Maternal nutrition during pregnancy is a critical determinant of long‐term health outcomes in offspring. While folic acid (FA) is widely recognized for preventing neural tube defects, emerging evidence indicates its potential influence on fetal metabolic programming and consequently childhood metabolic health (Pereira and Keating 2023). However, the mechanistic pathways through which maternal FA intake during pregnancy impacts offspring metabolic outcomes, such as insulin sensitivity and blood pressure (BP), remain underexplored, particularly during late childhood.

One‐carbon metabolism, regulated by FA, governs DNA methylation and gene expression, which are crucial for fetal development and metabolic programming (Padmanabhan and Watson 2013).

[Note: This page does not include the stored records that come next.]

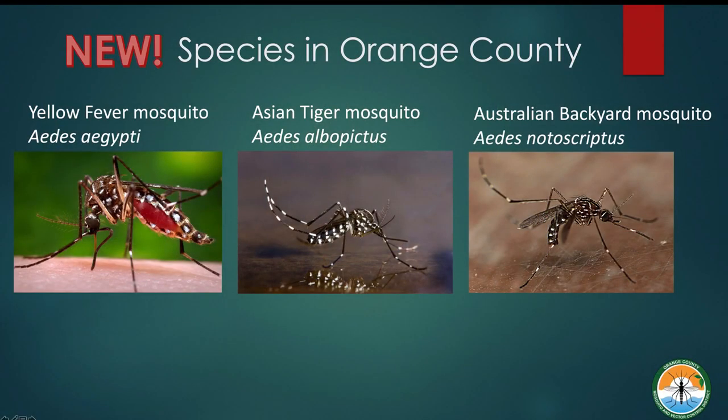There are new invasive mosquitoes — since 2015 there are actually three different species. For residents to remember, they're pretty much the same as far as their characteristics. These are tiny mosquitoes, black with white stripes, and slightly different from the other mosquitoes — they bite during the day, not just at dusk and dawn. They can also breed inside your home.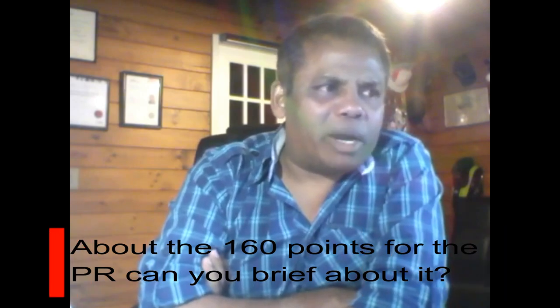The 160 points for PR is essentially a combination of your age, your qualification, your work experience, your spouse's qualification, your spouse's work experience, and whether your industry is on the long-term skill shortage list. It also considers what level of qualification you have, and whether you have skilled employment or an offer of skilled employment in New Zealand.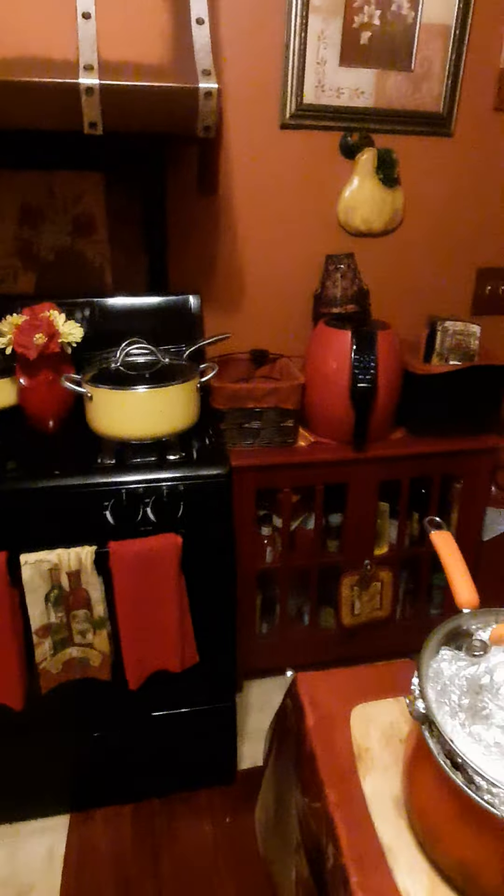My air fryer over there — my friend brought me that for Christmas a couple years ago. My reason for doing videos like this is: if you think you cannot get your kitchen done, you can, because it didn't cost me a whole lot of money. It wasn't cheap, but it wasn't very expensive either. It was very affordable.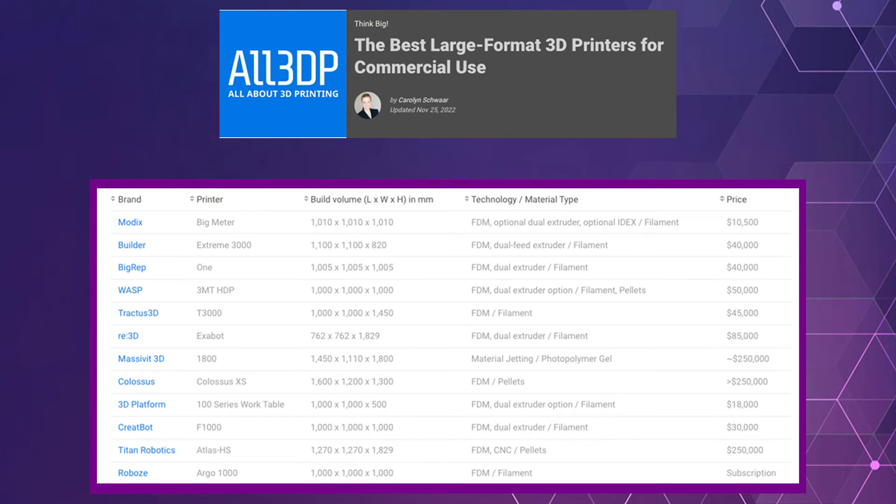All3DP is the number one media source for all additive manufacturing and 3D printing related news. They recently published an article in November 2022 on the best large format 3D printers for commercial use, and Modix made the list. If you look below, you will see a tremendous difference in pricing.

These processes are hypothesized to influence adiposity markers, such as body mass index (BMI), waist circumference (WC), and skinfold thickness, which are strongly linked to metabolic outcomes like insulin resistance and hypertension (González‐Torres et al. 2023; Feng et al. 2012). However, most existing studies focus on general associations without delving into the biological pathways or mediators.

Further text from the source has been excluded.